Arthur Fawcett, 17, of East Bridgewater, said his autism makes it hard for him to break the ice with people and often leaves him on the outside looking in. But testing out the tips and writing down how it went has made the reminders ''stick more than usual."
''I used to feel anxious, about what to talk about, how to say it. How to express my feelings," he said. ''But I've gotten better."
Joan Hill, 17, who lives in a group home in Sharon, is learning, perhaps reluctantly, to avoid conversational detours. ''I tend to go off in tangents," she said. ''I'll go on forever. But I'm learning to stop myself. I'm learning what's appropriate. Like, wait a second, 'Family Guy' " -- the TV program -- ''has nothing to do with Hillary Clinton."

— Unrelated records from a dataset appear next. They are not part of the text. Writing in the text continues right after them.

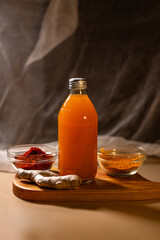 Immunity drink with turmeric powder in bottle. Homemade turmeric tea. Healthy drink with curcuma spices. Turmeric beverage for cleansing skin, normal bowel function and weightloss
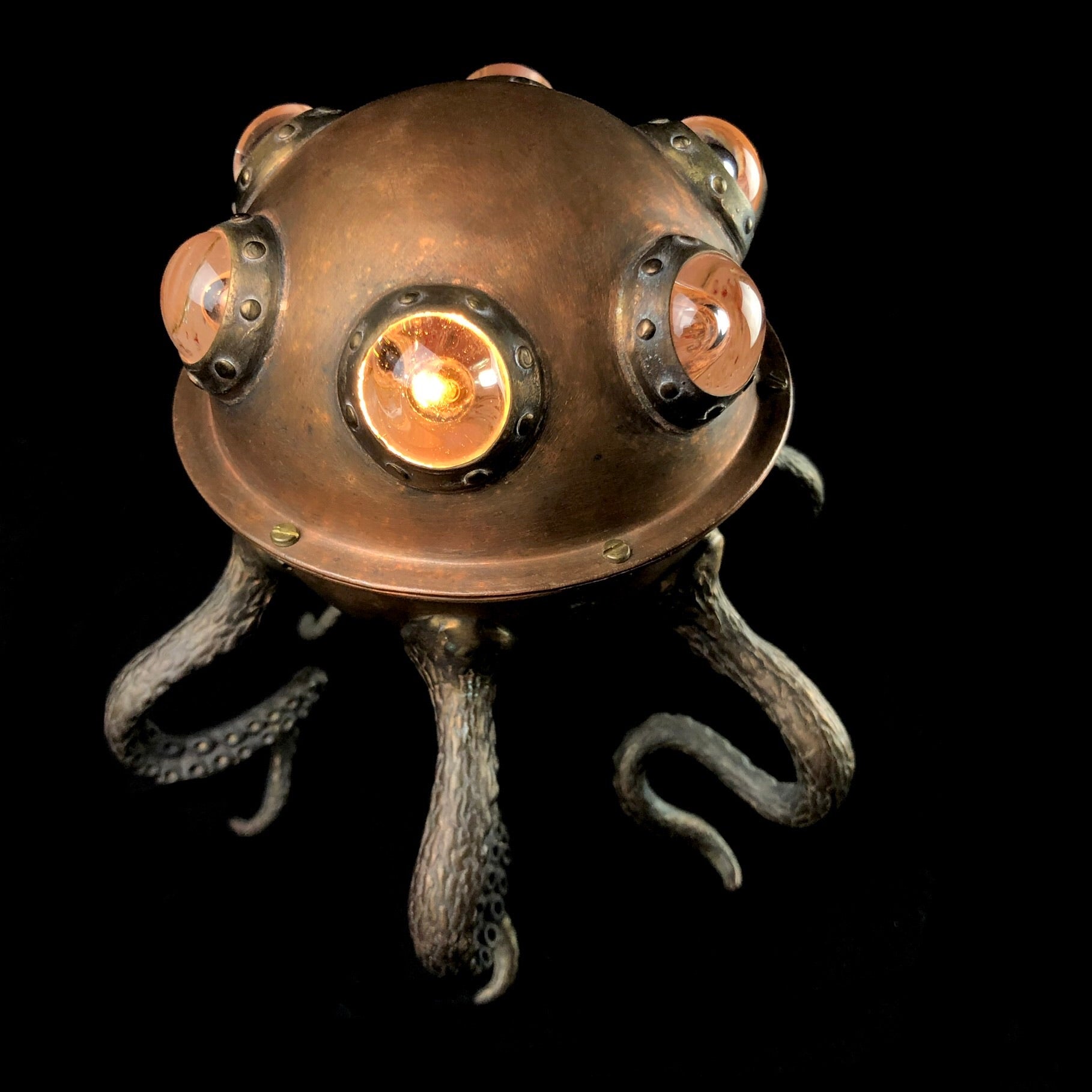 Top view of desk lamp with glass accents and tentacles on black background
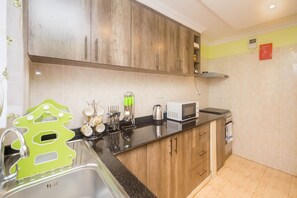 Cocina con armarios de madera, encimera negra, microondas y hervidor.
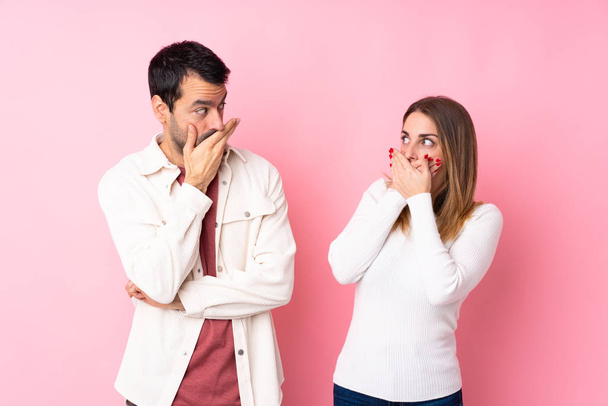 Couple in Valentine Day over isolated pink background covering mouth with hands for saying something inappropriate - Photo, image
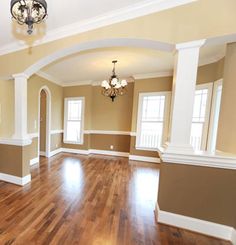 an empty living room with hard wood floors and white trim on the walls is pictured in this image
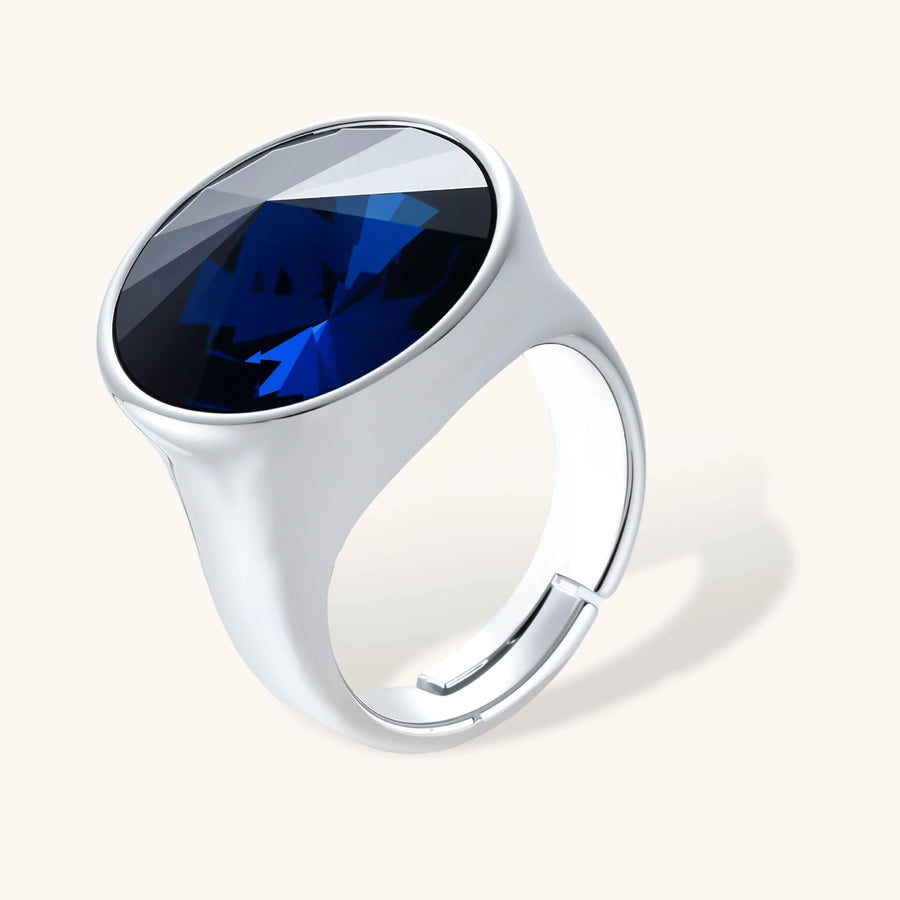 Large oval blue cubic zirconia ring in palladium-plated setting with adjustable band design on neutral background.
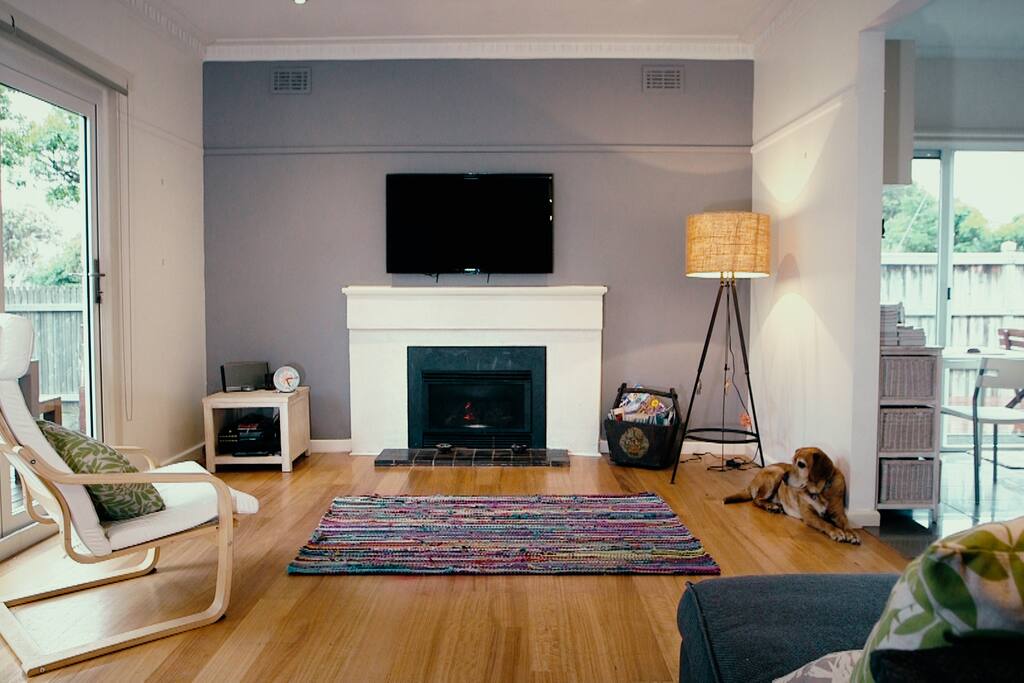 Lounge with TV and bifold doors opening onto deck & garden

The students' teacher, Mimi Gray, said while the constant reminders have helped, it remains to be seen whether they will have a lasting impact. ''We need to see once the prompts are taken away, will they still remember?"
But Calvanio is even hopeful the technological assistance can do more than just help students cope: He hopes it can ''change the brain" enough to fix the disorder.
''That's the $64,000 question," he said.
''If we get the kids young enough, we think it's possible."